◆ **SUPPLIED DATA**:
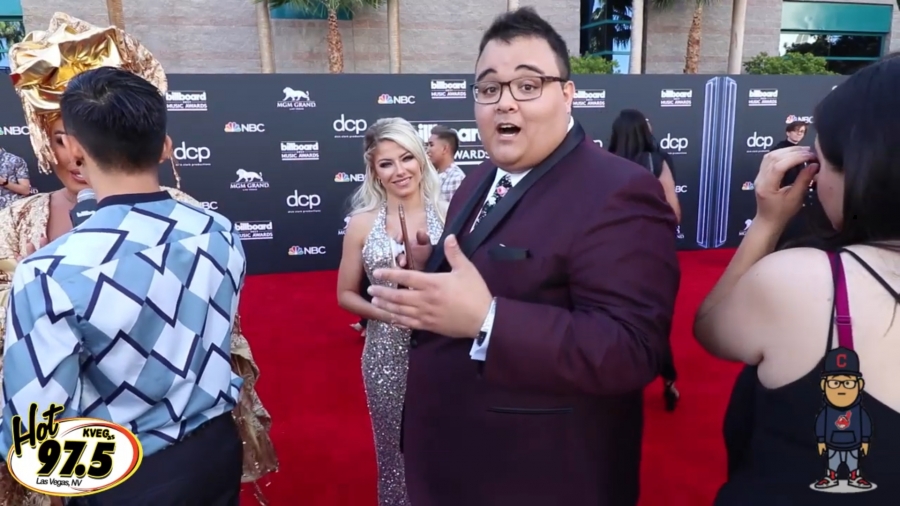 2019_Billboard_Awards_HeavyWeight_talks_wWWEs_Alexa_Bliss_006.jpeg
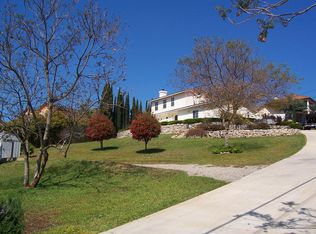 2041 Vista Grande Dr, Vista, CA 92084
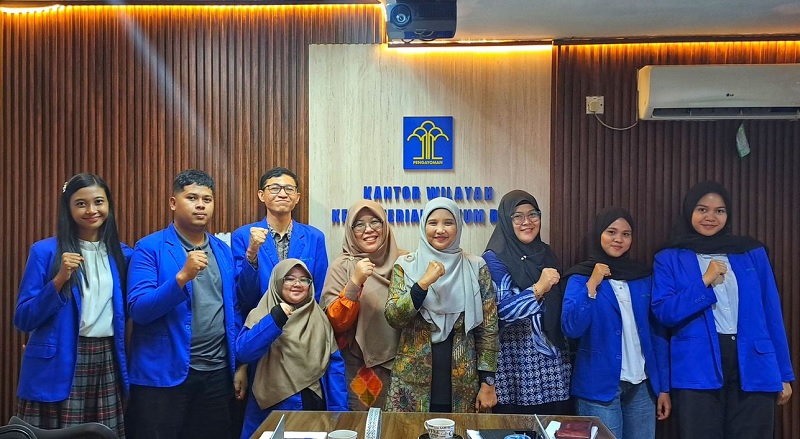 Kepala Divisi P3H Kanwil Kemenkum Riau Yeni Nel Ikhwan berfoto bersama Dosen dan mahasiswa Informatika PCR di ruang kerjanya pada Kamis (8/1/2026).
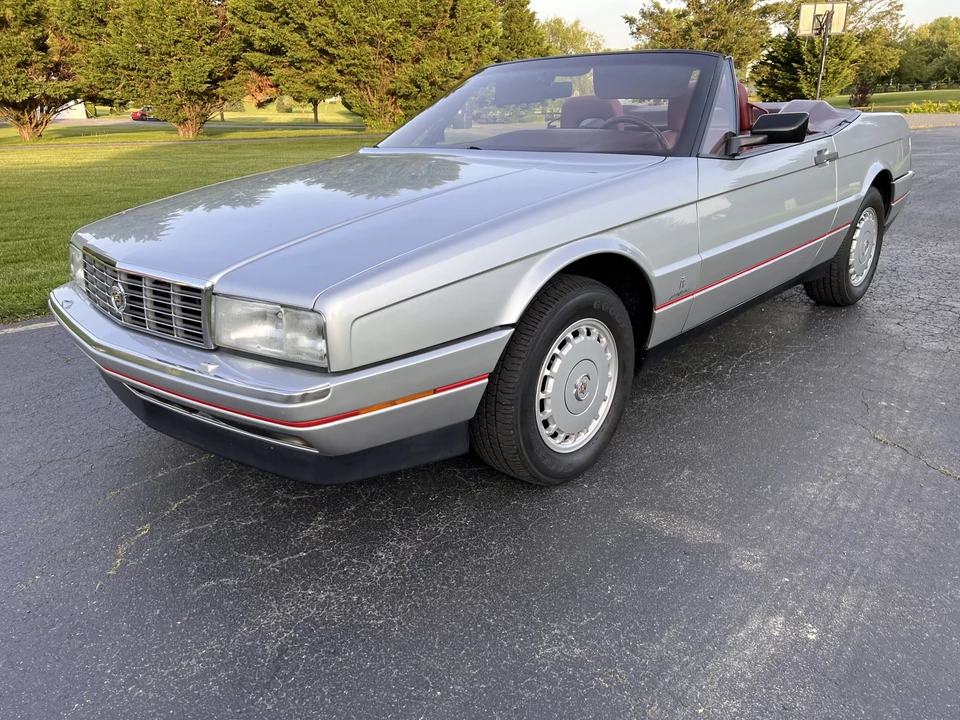 1987 Cadillac Allante - Image 4 of 31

◆ **EXERCISE**:
Could you write out every line above exactly as it stands, with no images?

◆ **TASK ANSWER**:
 2019_Billboard_Awards_HeavyWeight_talks_wWWEs_Alexa_Bliss_006.jpeg
 2041 Vista Grande Dr, Vista, CA 92084
 Kepala Divisi P3H Kanwil Kemenkum Riau Yeni Nel Ikhwan berfoto bersama Dosen dan mahasiswa Informatika PCR di ruang kerjanya pada Kamis (8/1/2026).
 1987 Cadillac Allante - Image 4 of 31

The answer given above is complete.